Et quand certains émettaient un doute sur la stratégie à tenir, on lisait plutôt des messages d’explication.

« Nous ne sommes pas des ennemis du peuple, nous tentons de redresser une situation politique chaotique, et si la démocratie ne peut pas nous apporter cela, alors nous devons prendre d’autres mesures »

« Laisser faire, c’est être complice. Si la méthode forte est la seule pour résoudre cette situation et sauver notre pays du marasme, alors je m’implique totalement dans cette dynamique »

« Les plus grandes révolutions se sont constituées par coup d’état, nous devons prendre nos responsabilités aujourd’hui ou être coupables à jamais des conséquences de nos inactions »

Des photos montraient également des hommes en costume se serrer la main à la sortie du Parlement ou encore en grande conversation dans des restaurants des quartiers huppés de la capitale.

Vilem aurait pu croire à un faux tant les messages étaient explicites et les preuves de culpabilité évidentes. Mais il était journalise et avait appris à distinguer par quelques techniques logiques et intuitives les vrais documents des faux. Il y avait plus de quarante pages de retranscription de conversations et de messages de tout genre. Le tout avait été compilé de manière rigoureuse, les conversations étaient classées par noms, dates et objets, un document d’une grande clarté. En lisant un extrait de conversation épistolaire, Vilem eut une curieuse sensation. Il y reconnut une syntaxe familière et un propos qu’il avait déjà lus maintes et maintes fois. Il ne pouvait s’agir d’une coïncidence. Vilem avait passé des heures à écrire avec lui, il connaissait par cœur sa façon de dire les choses, ses tournures de phrases et les mots singuliers qu’il employait pour appuyer ses idées.

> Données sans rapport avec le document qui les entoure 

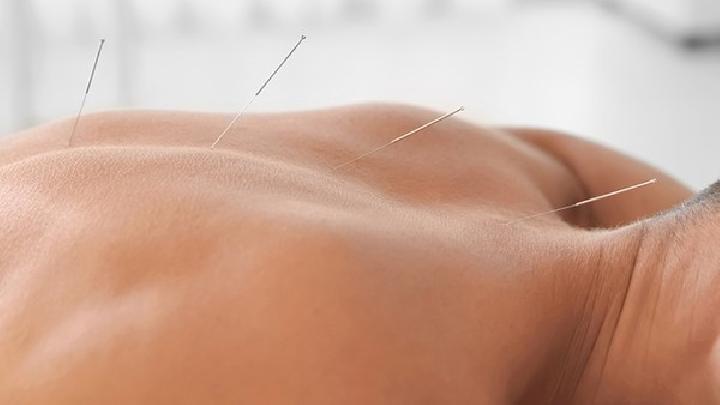 教師群體易患干眼癥該怎么治療 得了干眼癥不妨試試針灸療法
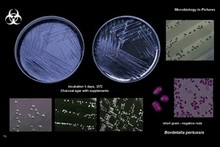 bordetella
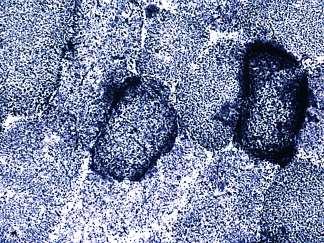 Mialgia w chorobach mitochondrialnych (2) Objawy ze strony układu mięśniowego: Ptoza, oftalmoplegia zewnętrzna, osłabienie mięśni kończyn i tułowia,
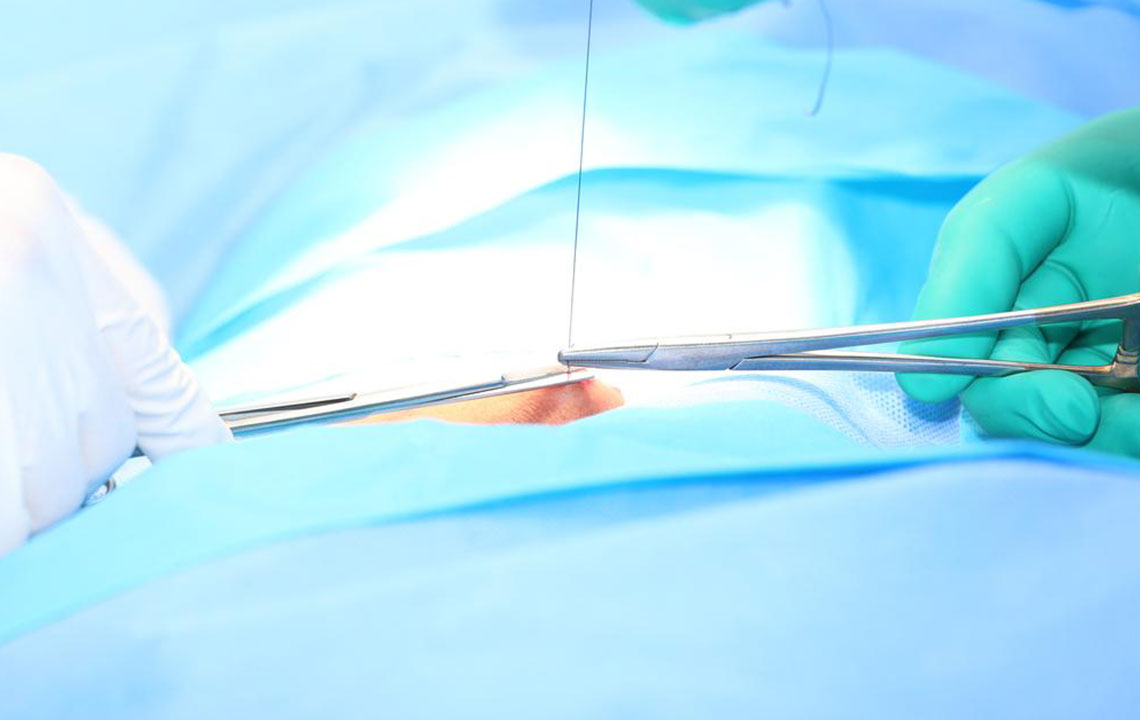 Effective Approaches to Managing Hiatal Hernia and Related Medications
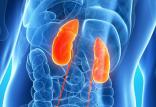 عفونت کلیه,اخبار پزشکی,خبرهای پزشکی,مشاوره پزشکی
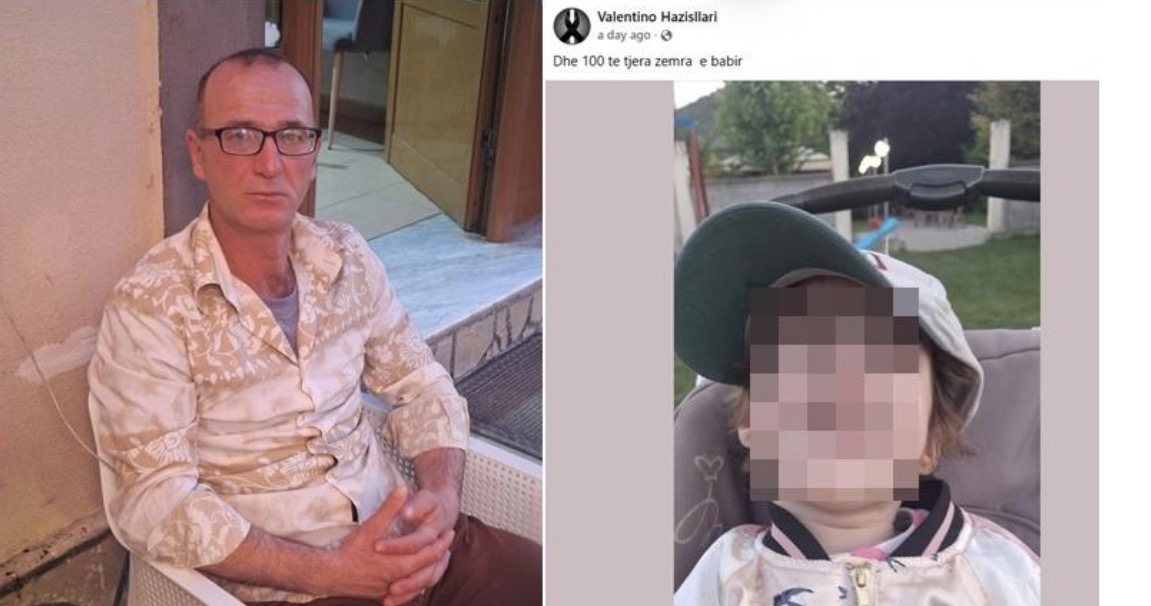 Sot në terapi intensive pas djegieve të rënda në trup, dy ditë më parë 6-vjeçarja festoi ditëlindjen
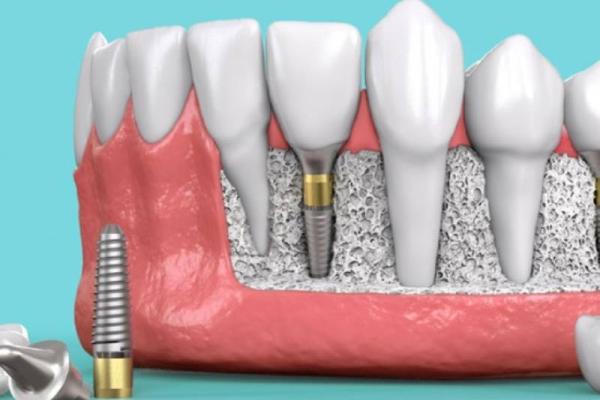 trồng răng Implant
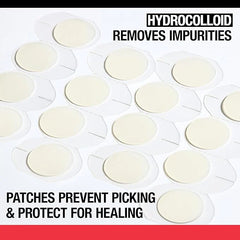 Neutrogena Stubborn Acne Ultra-Thin Patches for Acne-Prone Skin - Hydrocolloid Overnight Blemish Patch for Clear Skin, 24 Patches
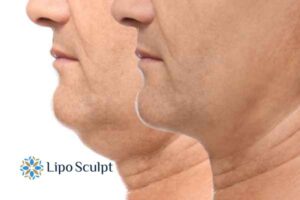 Double chin before and after Hi-Fu treatment 2 Double chin treatment Nottinghamshire from Lipo Sculpt - feel more confident today!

Il avait bien pensé à des personnalités capables de tremper dans un complot comme celui-ci mais pas à lui. Celui qui dirigeait le soi-disant quotidien alternatif tchèque en faisait partie. Il n’en revenait pas. Evzen, son ancien directeur, apparaissait comme une personne cynique qui démontrait avec véhémence l’incapacité de ce pays à évoluer sans ce complot abject. Cela confirmait d’autant plus la véracité des documents.

Vilem alluma une cigarette et se laissa tomber sur le fauteuil. Me voilà un lanceur d’alertes, pensa-t-il. Ce document méritait d’être diffusé. Il écarterait des gens dangereux pour la démocratie pragoise, dangereux pour l’équilibre des pays d’Europe centrale et de l’Est. C’était peut-être un arrêt de mort pour sa personne mais un souffle de liberté pour son pays. Et désormais conscient de ce complot, il ne pouvait faire machine arrière. Se taire ou laisser passer ce document aurait été un crime contre son pays. Sa vie ne valait que très peu à côté de la vie des millions de ses concitoyens qui subiraient les conséquences de son inaction. Il écrasa sa cigarette sur la table, releva l’écran du PC et transmis l’e-mail d’invitation aux deux journalistes.